__REQUIREMENT__: Please give back, word for word, each line from the start of the entries through the one in which "نجاح أول جراحة" is found.

__MATERIAL FOR THE TASK__:
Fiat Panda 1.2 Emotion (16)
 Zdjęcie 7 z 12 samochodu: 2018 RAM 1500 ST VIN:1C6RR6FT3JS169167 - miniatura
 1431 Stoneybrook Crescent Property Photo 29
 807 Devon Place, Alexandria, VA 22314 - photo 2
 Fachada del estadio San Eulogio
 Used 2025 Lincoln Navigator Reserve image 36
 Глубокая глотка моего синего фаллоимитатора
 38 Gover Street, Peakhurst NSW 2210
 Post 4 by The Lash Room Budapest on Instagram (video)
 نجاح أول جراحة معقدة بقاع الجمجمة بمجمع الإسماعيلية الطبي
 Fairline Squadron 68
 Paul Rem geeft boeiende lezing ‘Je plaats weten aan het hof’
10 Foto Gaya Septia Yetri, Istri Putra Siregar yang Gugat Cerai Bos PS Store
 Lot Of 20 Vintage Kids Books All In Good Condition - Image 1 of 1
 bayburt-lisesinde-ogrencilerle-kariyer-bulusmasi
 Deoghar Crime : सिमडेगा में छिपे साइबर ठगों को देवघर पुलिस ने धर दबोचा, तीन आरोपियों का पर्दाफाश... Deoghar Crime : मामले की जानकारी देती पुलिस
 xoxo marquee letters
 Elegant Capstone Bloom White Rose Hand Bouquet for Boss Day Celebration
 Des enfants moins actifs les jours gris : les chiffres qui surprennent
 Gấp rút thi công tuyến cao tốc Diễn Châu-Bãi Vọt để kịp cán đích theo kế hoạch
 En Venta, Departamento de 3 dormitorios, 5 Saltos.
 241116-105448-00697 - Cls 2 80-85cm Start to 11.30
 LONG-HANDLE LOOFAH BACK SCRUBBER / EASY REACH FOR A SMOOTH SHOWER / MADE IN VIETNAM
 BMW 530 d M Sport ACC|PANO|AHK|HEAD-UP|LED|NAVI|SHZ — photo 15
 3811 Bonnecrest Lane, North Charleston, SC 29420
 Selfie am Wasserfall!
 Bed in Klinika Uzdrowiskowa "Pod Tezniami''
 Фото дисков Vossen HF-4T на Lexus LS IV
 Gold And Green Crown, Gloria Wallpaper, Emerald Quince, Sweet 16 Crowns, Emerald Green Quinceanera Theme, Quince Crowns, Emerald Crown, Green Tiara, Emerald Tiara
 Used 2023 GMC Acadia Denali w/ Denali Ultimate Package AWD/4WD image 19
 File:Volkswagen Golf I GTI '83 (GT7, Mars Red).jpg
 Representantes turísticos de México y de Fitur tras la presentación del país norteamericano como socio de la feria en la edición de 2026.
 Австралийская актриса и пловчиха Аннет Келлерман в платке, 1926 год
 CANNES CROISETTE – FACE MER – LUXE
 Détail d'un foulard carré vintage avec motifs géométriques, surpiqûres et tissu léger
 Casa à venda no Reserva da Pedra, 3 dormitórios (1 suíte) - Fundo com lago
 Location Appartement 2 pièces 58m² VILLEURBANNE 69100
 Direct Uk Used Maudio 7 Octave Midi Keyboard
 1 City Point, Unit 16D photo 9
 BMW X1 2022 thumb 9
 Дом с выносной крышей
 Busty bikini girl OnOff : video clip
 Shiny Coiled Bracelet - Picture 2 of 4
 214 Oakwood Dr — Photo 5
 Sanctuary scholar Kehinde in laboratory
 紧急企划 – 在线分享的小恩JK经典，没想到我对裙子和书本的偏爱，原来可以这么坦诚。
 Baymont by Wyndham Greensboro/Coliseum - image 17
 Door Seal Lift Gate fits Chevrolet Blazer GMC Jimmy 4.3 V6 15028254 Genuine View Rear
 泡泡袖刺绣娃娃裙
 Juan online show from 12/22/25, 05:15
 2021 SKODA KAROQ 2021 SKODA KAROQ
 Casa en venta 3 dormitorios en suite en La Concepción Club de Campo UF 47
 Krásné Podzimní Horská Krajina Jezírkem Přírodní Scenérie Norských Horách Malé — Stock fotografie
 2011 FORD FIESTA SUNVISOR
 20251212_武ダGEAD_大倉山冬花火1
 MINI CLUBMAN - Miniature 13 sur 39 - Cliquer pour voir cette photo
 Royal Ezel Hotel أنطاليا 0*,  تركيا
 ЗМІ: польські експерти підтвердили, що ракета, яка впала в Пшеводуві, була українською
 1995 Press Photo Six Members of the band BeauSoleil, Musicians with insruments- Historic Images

__EXERCISE OUTPUT__:
Fiat Panda 1.2 Emotion (16)
 Zdjęcie 7 z 12 samochodu: 2018 RAM 1500 ST VIN:1C6RR6FT3JS169167 - miniatura
 1431 Stoneybrook Crescent Property Photo 29
 807 Devon Place, Alexandria, VA 22314 - photo 2
 Fachada del estadio San Eulogio
 Used 2025 Lincoln Navigator Reserve image 36
 Глубокая глотка моего синего фаллоимитатора
 38 Gover Street, Peakhurst NSW 2210
 Post 4 by The Lash Room Budapest on Instagram (video)
 نجاح أول جراحة معقدة بقاع الجمجمة بمجمع الإسماعيلية الطبي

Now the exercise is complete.